They're Stealing My Customers! Do Something!

I was listening to a complaint in a meeting a few weeks ago that I have heard a few times. "Brand M leasing company is coming in an taking all my customers! What can you do to help combat this?" In the meeting, the response among the members was one of agreement with the problem and the response from the speaker was agreement with the problem and that they have a new computer program that may help to make more professional presentations. Right. As if that will really make the difference.

It reminded me when I was a fresh new salesman on the floor. A prospect would come through the door and I would greet them and go to show them something and when I came in for the key, this other salesman says that is his customer and I am stealing his customer and he was mighty upset to the point of punching me out! I said that the customer did not mention him, but that he was welcome to take over from here. I sent him out to take over.

I learn pretty quickly. After a couple of times at this, my first question to every prospect who entered the showroom was this: "Welcome to Brand Motors! Are you looking for someone in particular?" If they said no, they were mine for the moment. Next time they would come in, if they didn't ask for me, then they were not my customer any longer.

One can make all the assumptions that they want, but this business is all about relationships. If you have a relationship, generally they will do business with you until you prove to them otherwise. If your relationship is superficial or weak, your claims are unfounded. Customer loyalty is a great goal to have and work toward, but it is not easy to achieve. It requires communication with your client, looking after their needs and understanding their business and generally doing what is in their best interests.

A lot of people in the car business sell a car or even a fleet of cars to a customer and then think it is their customer.

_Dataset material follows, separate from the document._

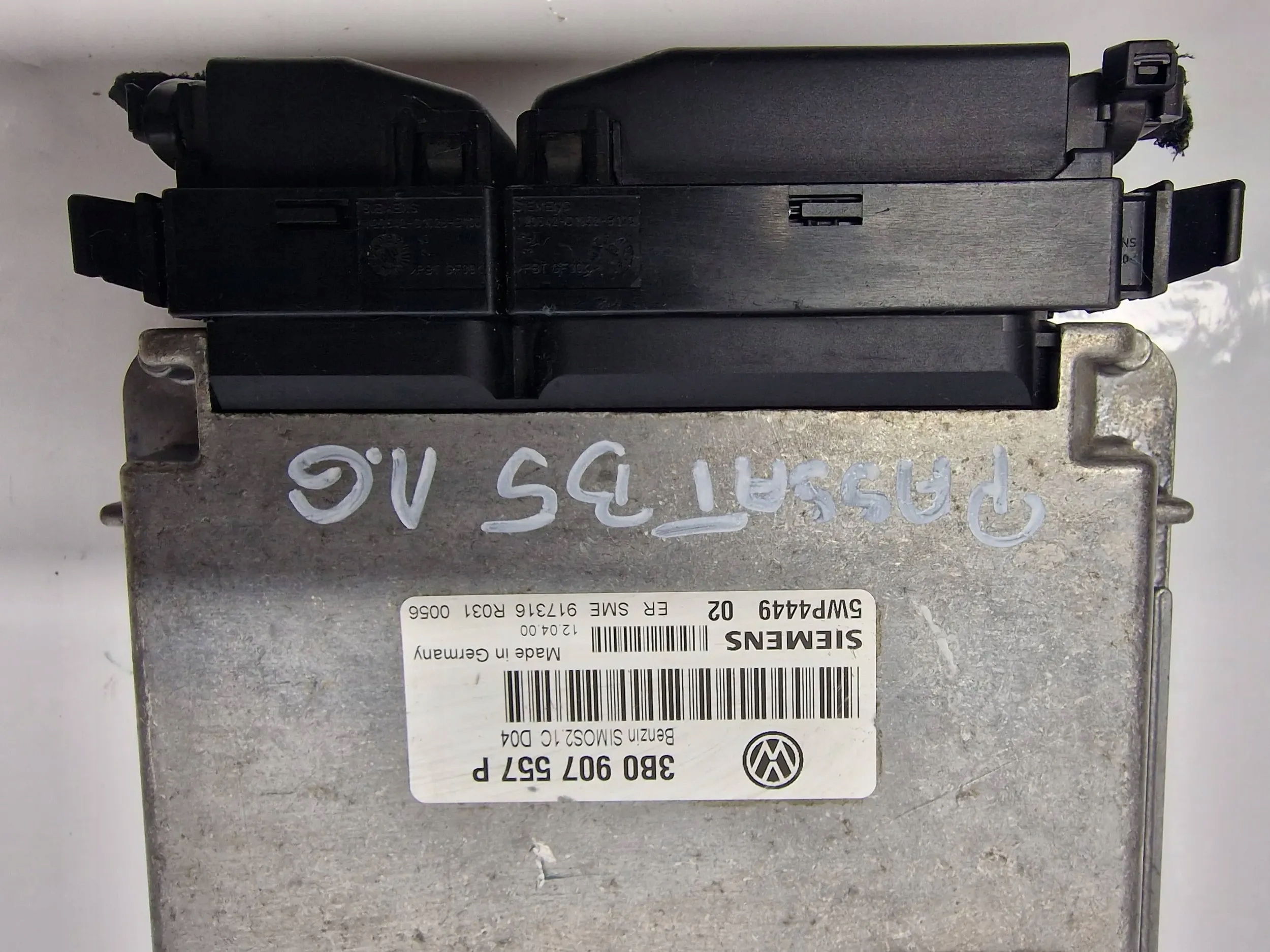 Volkswagen PASSAT B5.5 2001 Vari 3B0907557P 5WP44499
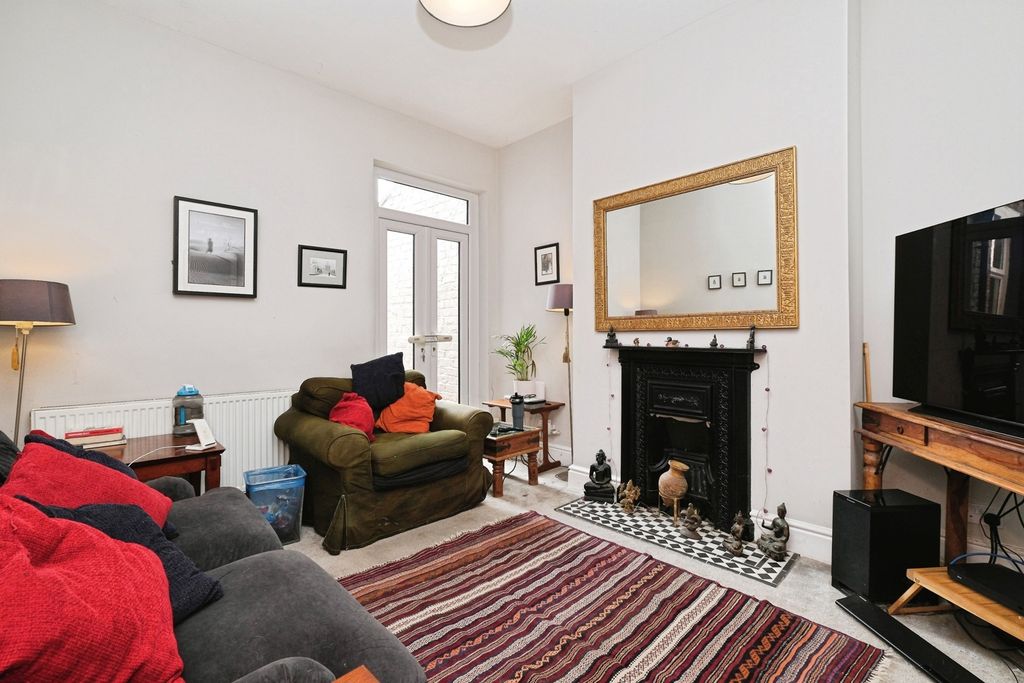 Property photo 2 of 14 Photo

Hogwash. You made a sale and that is it. Customer loyalty comes with a strong relationship and staying in touch in various ways to demonstrate that. In addition, it means providing service and services that are valuable to the client.

When I was the young beginner, I would see the elder salesmen with their repeat clients that they said would buy from them every 2 or 3 years like clockwork. Then one day, they see them driving a new brand X and are flabbergasted (don't you just love that word. . .) and beside themselves with indignation. Why the nerve of them buying that brand X! They must have given that thing away. . . (and a number of other reasons, some not so pretty). They used to tell me that they don't need a follow up system because their customers are loyal to them for life. Right. They were 20 year veterans: 1 years experience repeated 20 times. Still selling 8-10 cars a month after 20 years. Customer loyalty? Hot air. If they really had good repeat customers, their sales would be going up every year.

Designing a great follow up system is a great help to increase your business, by communicating with your prospects and customers to let them know that you want their business. A phone call every now and then is another help. Follow up is a key ingredient to success.

Think about how people buy. I wrote a piece in this blog that only 4% buy price. I know that is true, though 100% may mention price. Since it is true, you would not be losing a customer for price unless they are a 4% price buyer. The rest of the customers (96%) buy you, your dealership, the product, the service, their friends recommendation or any number of other things. People like dealing with friends, so stay in touch like a friend and keep the customer yours for life. It's a bold move. No more whining about the wolf coming into the pen and taking your sheep. You've got a lock on the gate.